The summer is over, it’s back to school, the nights are a little cooler and winter is getting closer. But to Canadian football fans, this long weekend is something to be celebrated. Three CFL rivalry games in two days. A celebration of geographical match-ups that add fuel to a fan’s fire, the perfect way to prepare for the second half of the season.
The Argos rivalry with the Ticats is something to be revered. It has history and instances of bad blood along the way too numerous to count. It also allows fans of both teams to make a short trek down the QEW to cheer on their boys in a road game.
Monday’s game is unique. There’s a buzz at the Classic that simply doesn’t exist any other time the two teams play in Hamilton or Toronto, even in a playoff game.
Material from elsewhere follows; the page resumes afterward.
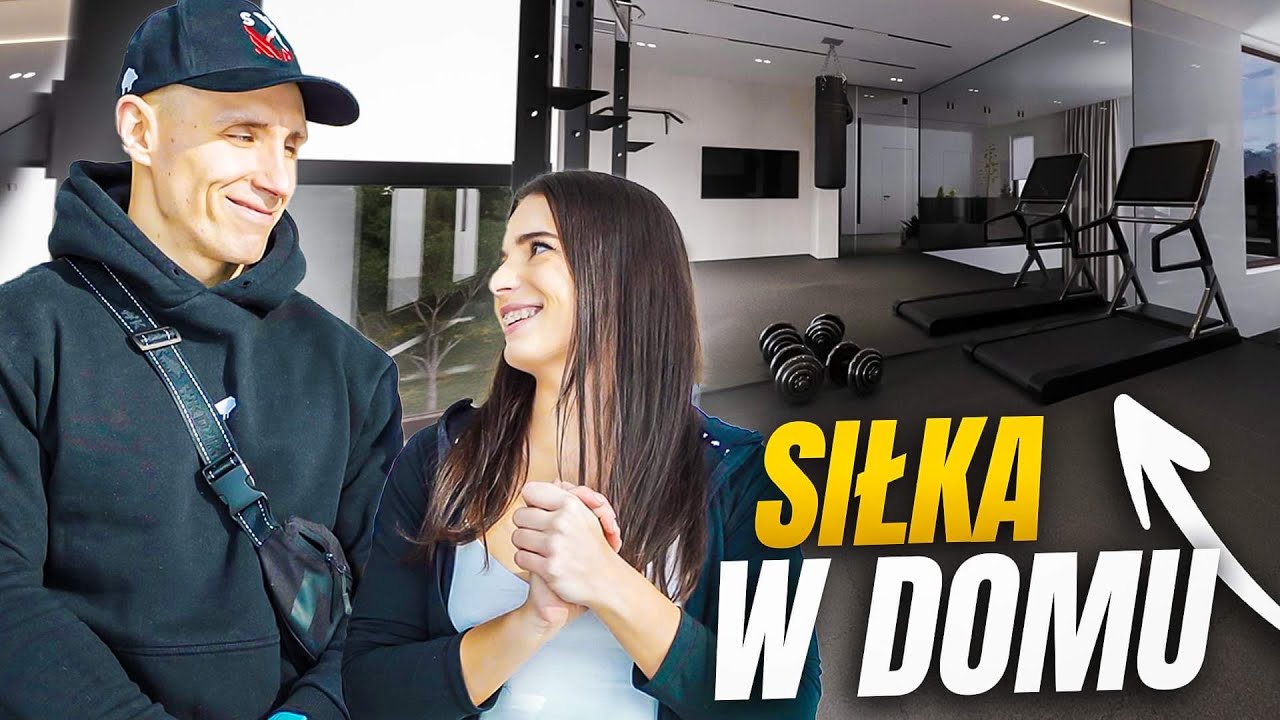 WIZUALIZACJE NASZEGO DOMU🏠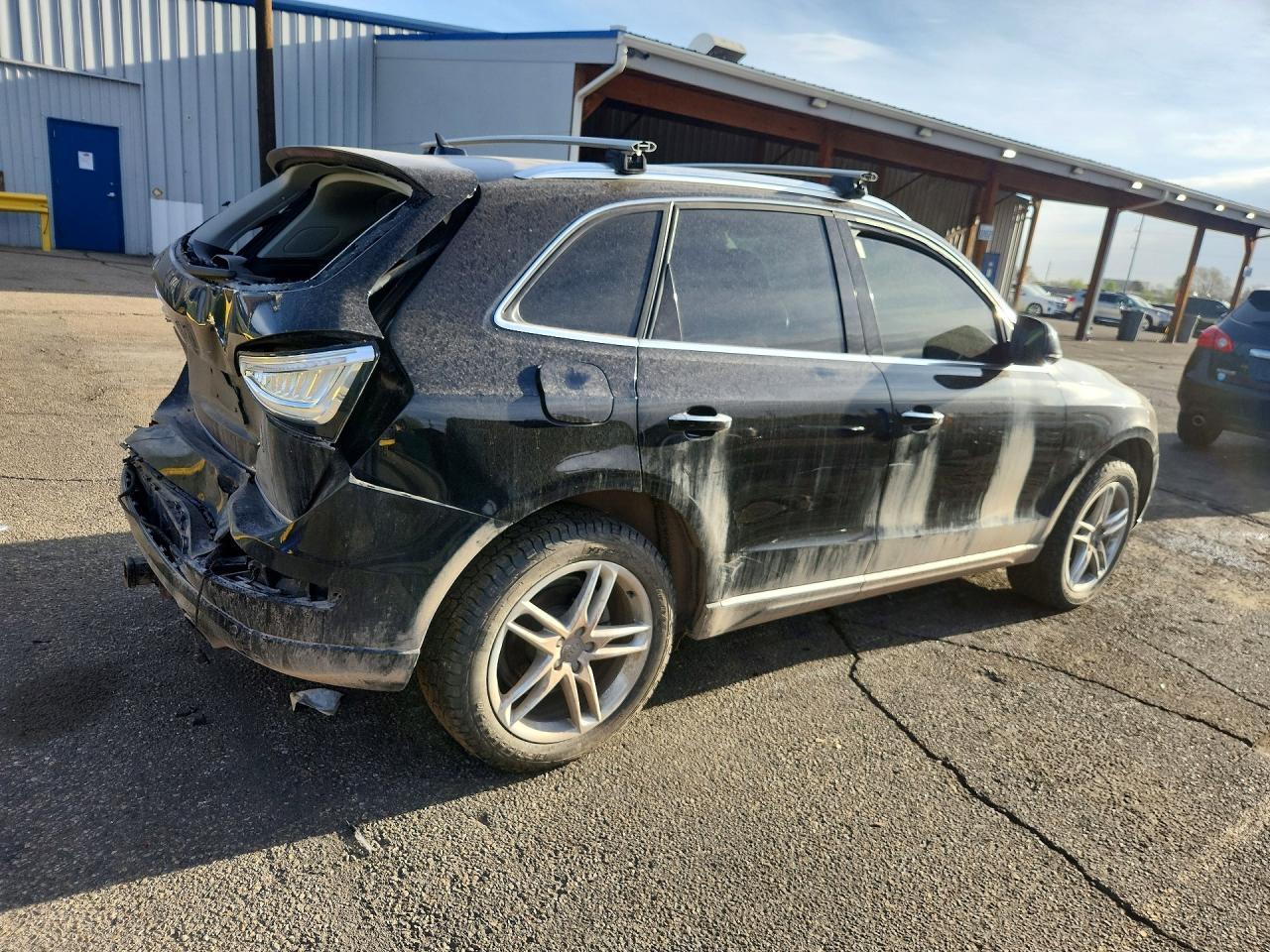 2016 Audi Q5 - Фото 3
This is a special date on the calendar. The players and coaches know it – even if they try to talk down its significance – and the fans in the Hammer sure as hell know it.
For some this is their late summer version of Christmas Day. It will be a boisterous crowd, filled with Hamilton fans who know this is the last thing they’ll probably have to cheer for this season. There will be more than a smattering of Argo fans who will proudly don the Oxford and Cambridge blues in enemy territory.
Enjoy the game on Monday, it’s an event to be savoured. If you can’t make it to Tim Horton’s Field, watch the game on TSN or join Jeff Johnson and me for the radio call on TSN 1050.